Widely known, Dr. Martens boots (usually refered to as ‘Doc Martens’, ‘Docs’ or ‘Dr. Martens’) are one of the established fashion codes of several different subcultures. Being initially worn in Mod- and Skinhead-subcultures from the 1960s onwards, they were soon worn by Punks, ‘Goths’, and members of the EBM-, Wave- and Dark-Wave-scenes, too. Until today, they also are an established code in Metal culture. Being introduced to subcultural discourses in the 1960s, they until today bear with them an ‘aura’ of protest, proletarian spirit, of noncomformist identities. Given that today they are part of a huge branding and marketing discourse, whose final very conservative purpose is to earn money, it is somehow surprising that this code still ‘works’.

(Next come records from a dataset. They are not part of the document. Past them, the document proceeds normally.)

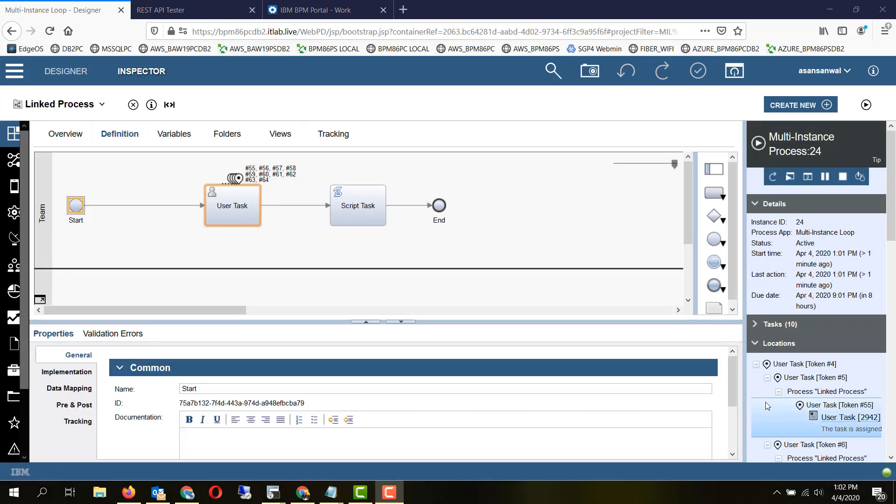Based on actual implementation experiences, it has been noticed that multi-instance loops can create performance problems on a very large scale in the system. Because what happens is all the parallel paths are executed and it puts a simultaneous load on the system.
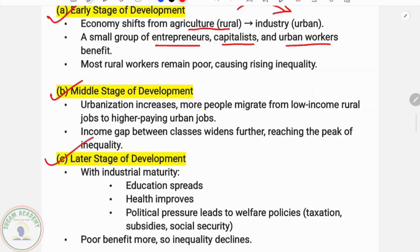In the later stage of development, with industrial maturity, education spreads, health improves, and political pressure leads to welfare policies — including taxation, subsidies and social security — which help reduce inequality.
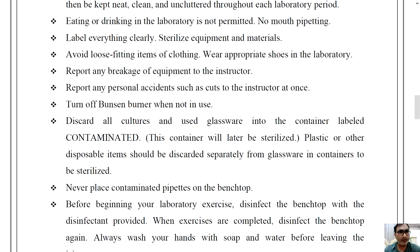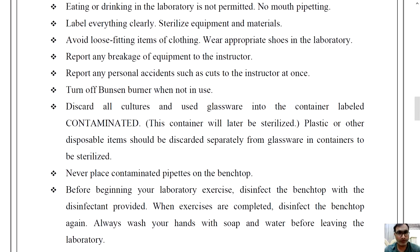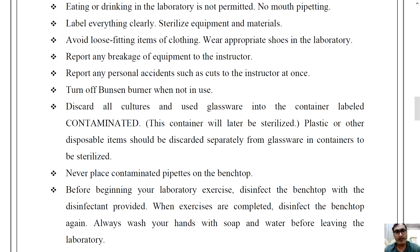Report any breakage of equipment to the instructor. If you break any instrument or glassware, you must inform your instructor, because it may be more dangerous if you do not inform them. They can then take care of it properly.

The boots were invented by German medical doctor Klaus Märtens shortly after World War II.1 In 1945, he injured his ankle and was looking for solid yet comfortable boots when recovering from his injury. He designed a boot using soft leather and air-padded soles made of tires. The new footwear was not an instant success; but in 1947, when meeting his university friend Herbert Funck, who was  impressed by Märtens’ invention, things changed. In 1952, they opened a factory in Munich. In 1959, the boots became marketed internationally, and British company R. Griggs Group Ltd. bought patent rights to manufacture the boots in the United Kingdom, where they were sold for the first time in 1960.

The company introduced the until today common name, slightly re-shaped the heel and, most of all, added the trademark yellow stitching. Also, in this first process of branding the soles were branded as ‘AirWair’ soles. Soon, the new shoewear was worn by police officers, postmen and factory workers. By the late 1960s, they were used as a cultural-material code in the early Skinhead-scene. In the 1970s and 1980s, as mentioned, they became part of the Punk-, ‘Goth’-, Wave- and Dark-Wave-Scenes, too. Also members of EBM-groups and Metalheads wore and wear their Docs.

Being a rather late starter, I decided to buy my first Docs this year (being 37 years old, this maybe is one of the first symptoms of a Metalhead’s midlife crisis). Buying these boots made me remember their history; as a cultural historian interested in Metal Music Studies, I am interested in how this shoewear managed to become a ‘working’ code in so many different cultural discourses over five decades. They were common when I was teenager, and still in in my twens. Today, they seem to experience a certain revival.  But, most of all, as a historian in Metal Music studies, I want to ask what these shoes can tell us about writing the history of Metal culture – in the context of a broader historiography of subcultures since the 1960s.

In this context, the mentioned ‘omnipotent’ subcultural capital of the Dr. Martens boots seems to be their most important historical feature. They ‘work’ in at least seven different subcultures: Skinheads, Punks, ‘Goths’, Wavers and New Wavers, EBM-Fans and Metalheads wear their Doc Martens. So, their cultural main feature is that they are a ‘trans-scene-ary’ code of shoewear. They construct these different identities and, at the same time, the transgress the boundaries between the scenes.

What could a cultural historian of Metal music learn from this? I suppose, we can discover two major aspects: first, the history of material artefacts, such as shoes, is a very good way to tell Metal history. Secondly, when writing this history, we have to be aware of these ‘trans-scene-ary’ features of cultural codes. They are liquid, form varying and oscillating circles of negation and the construction of identities. To tell the history of Metal culture, means to deal with material items that bear in them very heterotopic semiotic structures. We do not have to essentialize these codes but to see them as objects of constant definition and re-definition.


  1. For their history, cf. Martin Roach, Dr. Martens. The Story of an Icon. London: Chrysalis Impact, 2003.